API#

pdpilot.partial_dependence(*, predict: Callable[[pandas.DataFrame], List[float]], df: pandas.DataFrame, features: List[str], resolution: int = 20, one_hot_features: Dict[str, List[Tuple[str, str]]] | None = None, nominal_features: List[str] | None = None, ordinal_features: List[str] | None = None, feature_value_mappings: Dict[str, Dict[str, str]] | None = None, num_clusters_extent: Tuple[int, int] = (2, 5), mixed_shape_tolerance: float = 0.15, compute_two_way_pdps: bool = True, cluster_preprocessing: str = 'diff', n_jobs: int = 1, seed: int | None = None, output_path: str | None = None, logging_level: str = 'INFO') dict | None#

Calculates the data needed for the widget. This includes computing the data for the PDP and ICE plots, calculating the metrics to rank the plots by, and clustering the lines within each ICE plot.

Parameters:
  • predict (Callable[[pd.DataFrame], list[float]]) – A function whose input is a DataFrame of instances and returns the model’s predictions on those instances.

  • df (pd.DataFrame) – Instances to use to compute the PDPs and ICE plots.

  • features (list[str]) – List of feature names to compute the plots for.

  • resolution (int, optional) – For quantitative features, the number of evenly spaced to use to compute the plots, defaults to 20.

  • one_hot_features (dict[str, list[tuple[str, str]]] | None, optional) – A dictionary that maps from the name of a feature to a list tuples containing the corresponding one-hot encoded column names and feature values, defaults to None.

  • nominal_features (list[str] | None, optional) – List of nominal and binary features in the dataset that are not one-hot encoded. If None, defaults to binary features in the dataset.

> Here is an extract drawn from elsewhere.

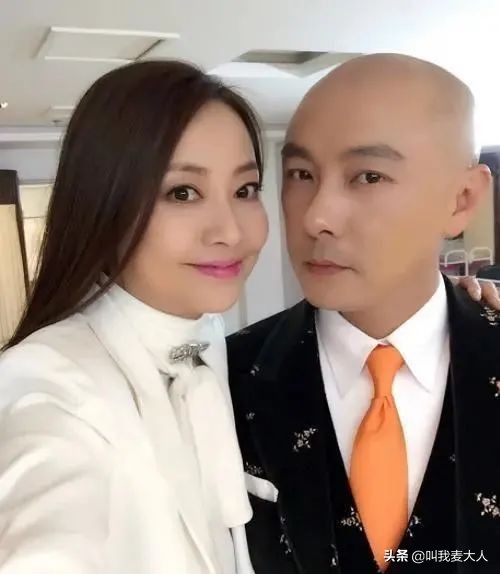 张卫健为什么选择丁克,52岁张卫健和43岁妻子近照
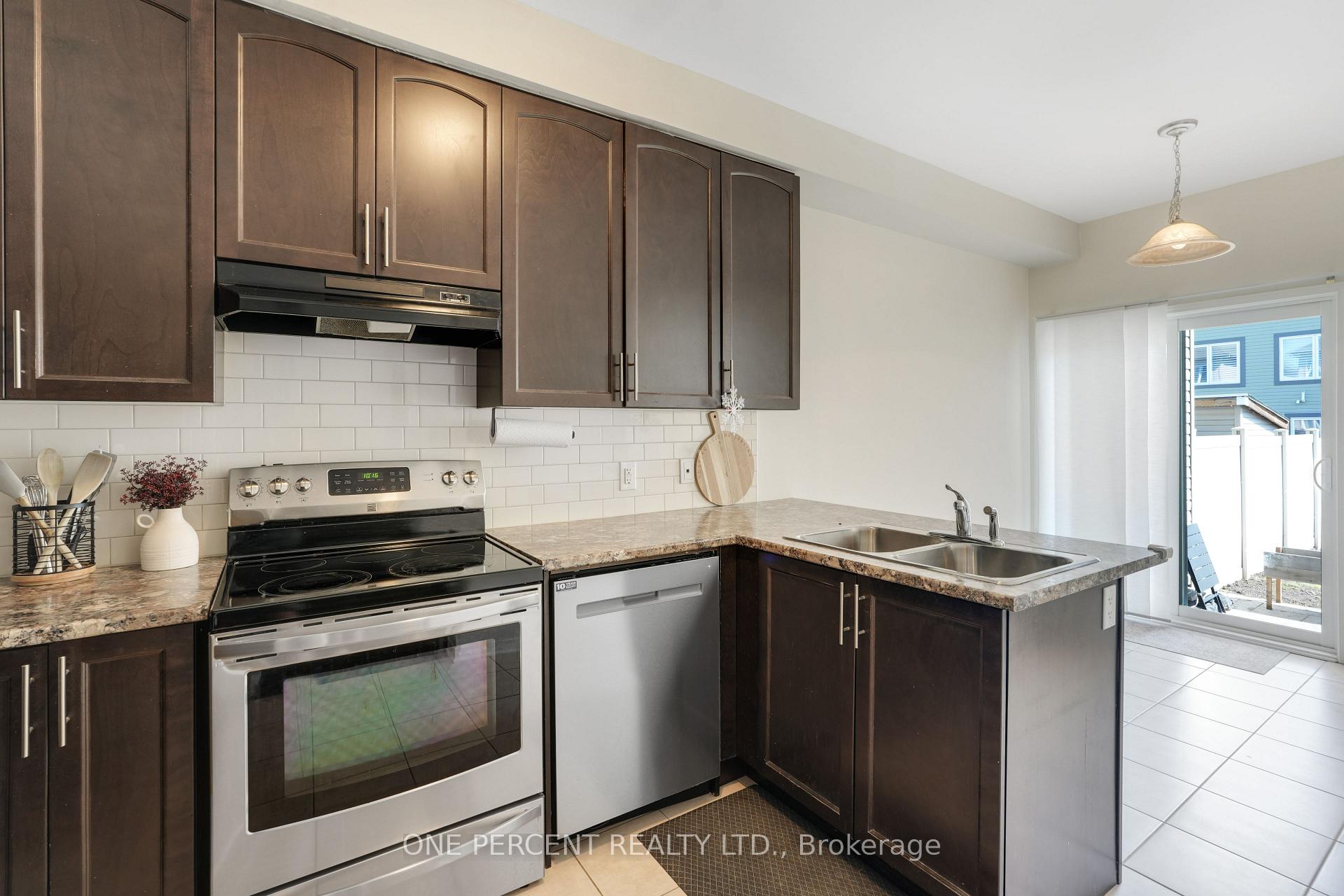 Photo 15 of 225 Losino Crescent, Ottawa, Kanata - Emerald Meadows/Trailwest — HOMEH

  • ordinal_features (list[str] | None, optional) – List of ordinal features in the dataset. If None, defaults to integer features with 3-12 unique values.

  • feature_value_mappings (dict[str, dict[str, str]] | None, optional) – Nested dictionary that maps from the name of a nominal or ordinal feature, to a value for that feature in the dataset, to the desired label for that value in the UI, defaults to None.

  • num_clusters_extent (tuple[int, int]) – The minimum and maximum number of clusters to try when clustering the lines of ICE plots. Defaults to (2, 5).

  • mixed_shape_tolerance (float) – Quantitative and ordinal one-way PDPs are labeled as having positive, negative, or mixed shapes. A lower value for this parameter leads to more PDPs being labeled as positive or negative and fewer being labeled as mixed. A higher value leads to more being labeled as mixed. Must be in the range [0, 0.5]. Defaults to 0.15.

  • compute_two_way_pdps (bool) – Whether or not to compute two-way PDPs. Defaults to True.

  • cluster_preprocessing (str) – How to preprocess the ICE lines before clustering them. “diff” calculates the differences in y-values between successive points in the lines using np.diff. “center” centers the ICE lines so that they all begin at y = 0. Defaults to “diff”.

  • n_jobs (int, optional) – Number of jobs to use to parallelize computation, defaults to 1.

  • seed (int | None, optional) – Random state for clustering. Defaults to None.

  • output_path (str | None, optional) – A file path to write the results to. If None, then the results are instead returned.

  • logging_level (string, optional) – The verbosity of printed messages. Must be “DEBUG”, “INFO”, “WARNING”, or “ERROR”. Defaults to “INFO”.

Raises:

OSError – Raised when the output_path, if provided, cannot be written to.

Returns:

Wigdet data, or None if an output_path is provided.

Return type:

dict | None

class pdpilot.PDPilotWidget(**kwargs: Any)#

This class creates the interactive widget.

Parameters:
  • predict (Callable[[pd.DataFrame], list[float]]) – A function whose input is a DataFrame of instances and returns the model’s predictions on those instances.

  • df (pd.DataFrame) – Instances to use to compute the PDPs and ICE plots.

  • labels (list[float] | list[int] | np.ndarray | pd.Series) – Ground truth labels for the instances in df.

  • pd_data (dict | str | Path) – The dictionary returned by pdpilot.pdp.partial_dependence() or a path to the file containing that data.

  • seed (int | None, optional) – Random state for clustering. Defaults to None.

  • height (int, optional) – The height of the widget in pixels, defaults to 600.

Raises:

OSError – Raised if pd_data is a str or Path and the file cannot be read.